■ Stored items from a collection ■

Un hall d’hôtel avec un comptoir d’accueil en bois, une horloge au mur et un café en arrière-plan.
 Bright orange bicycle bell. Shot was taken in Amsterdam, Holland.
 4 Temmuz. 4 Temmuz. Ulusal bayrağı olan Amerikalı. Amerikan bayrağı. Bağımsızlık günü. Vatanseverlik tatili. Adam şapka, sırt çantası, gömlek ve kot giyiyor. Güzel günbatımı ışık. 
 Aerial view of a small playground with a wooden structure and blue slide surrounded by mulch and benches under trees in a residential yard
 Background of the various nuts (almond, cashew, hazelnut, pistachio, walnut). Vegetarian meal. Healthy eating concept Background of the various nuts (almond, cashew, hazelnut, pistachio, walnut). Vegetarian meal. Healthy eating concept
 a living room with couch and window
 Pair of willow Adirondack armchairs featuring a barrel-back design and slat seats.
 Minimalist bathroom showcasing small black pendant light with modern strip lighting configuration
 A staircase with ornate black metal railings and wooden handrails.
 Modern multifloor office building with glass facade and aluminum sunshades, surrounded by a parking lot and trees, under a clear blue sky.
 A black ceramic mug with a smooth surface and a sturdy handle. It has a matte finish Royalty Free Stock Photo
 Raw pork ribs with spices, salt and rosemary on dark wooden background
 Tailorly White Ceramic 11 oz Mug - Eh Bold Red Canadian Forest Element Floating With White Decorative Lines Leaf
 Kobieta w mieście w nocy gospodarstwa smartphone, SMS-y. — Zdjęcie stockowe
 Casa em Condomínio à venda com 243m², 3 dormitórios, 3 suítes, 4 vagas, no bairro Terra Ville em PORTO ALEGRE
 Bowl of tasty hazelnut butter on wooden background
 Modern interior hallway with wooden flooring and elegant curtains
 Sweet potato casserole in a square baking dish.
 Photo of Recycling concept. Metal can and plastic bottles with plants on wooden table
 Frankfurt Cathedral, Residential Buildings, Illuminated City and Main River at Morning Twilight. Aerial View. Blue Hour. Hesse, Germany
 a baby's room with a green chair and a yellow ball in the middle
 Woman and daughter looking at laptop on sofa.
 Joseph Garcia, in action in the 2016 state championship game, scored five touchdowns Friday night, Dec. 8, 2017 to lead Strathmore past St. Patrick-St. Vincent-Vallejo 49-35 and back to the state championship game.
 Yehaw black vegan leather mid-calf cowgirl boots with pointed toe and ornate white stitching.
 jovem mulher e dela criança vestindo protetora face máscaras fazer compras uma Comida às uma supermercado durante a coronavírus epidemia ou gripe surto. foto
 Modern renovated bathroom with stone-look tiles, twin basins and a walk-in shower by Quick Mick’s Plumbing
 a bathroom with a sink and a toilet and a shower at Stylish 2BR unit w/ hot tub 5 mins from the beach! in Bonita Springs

■ Work to complete ■
An exact copy of the lines above between the line holding "4 Temmuz. 4" and the line holding "Modern multifloor office", inclusive, is the whole answer.

■ Written response ■
 4 Temmuz. 4 Temmuz. Ulusal bayrağı olan Amerikalı. Amerikan bayrağı. Bağımsızlık günü. Vatanseverlik tatili. Adam şapka, sırt çantası, gömlek ve kot giyiyor. Güzel günbatımı ışık. 
 Aerial view of a small playground with a wooden structure and blue slide surrounded by mulch and benches under trees in a residential yard
 Background of the various nuts (almond, cashew, hazelnut, pistachio, walnut). Vegetarian meal. Healthy eating concept Background of the various nuts (almond, cashew, hazelnut, pistachio, walnut). Vegetarian meal. Healthy eating concept
 a living room with couch and window
 Pair of willow Adirondack armchairs featuring a barrel-back design and slat seats.
 Minimalist bathroom showcasing small black pendant light with modern strip lighting configuration
 A staircase with ornate black metal railings and wooden handrails.
 Modern multifloor office building with glass facade and aluminum sunshades, surrounded by a parking lot and trees, under a clear blue sky.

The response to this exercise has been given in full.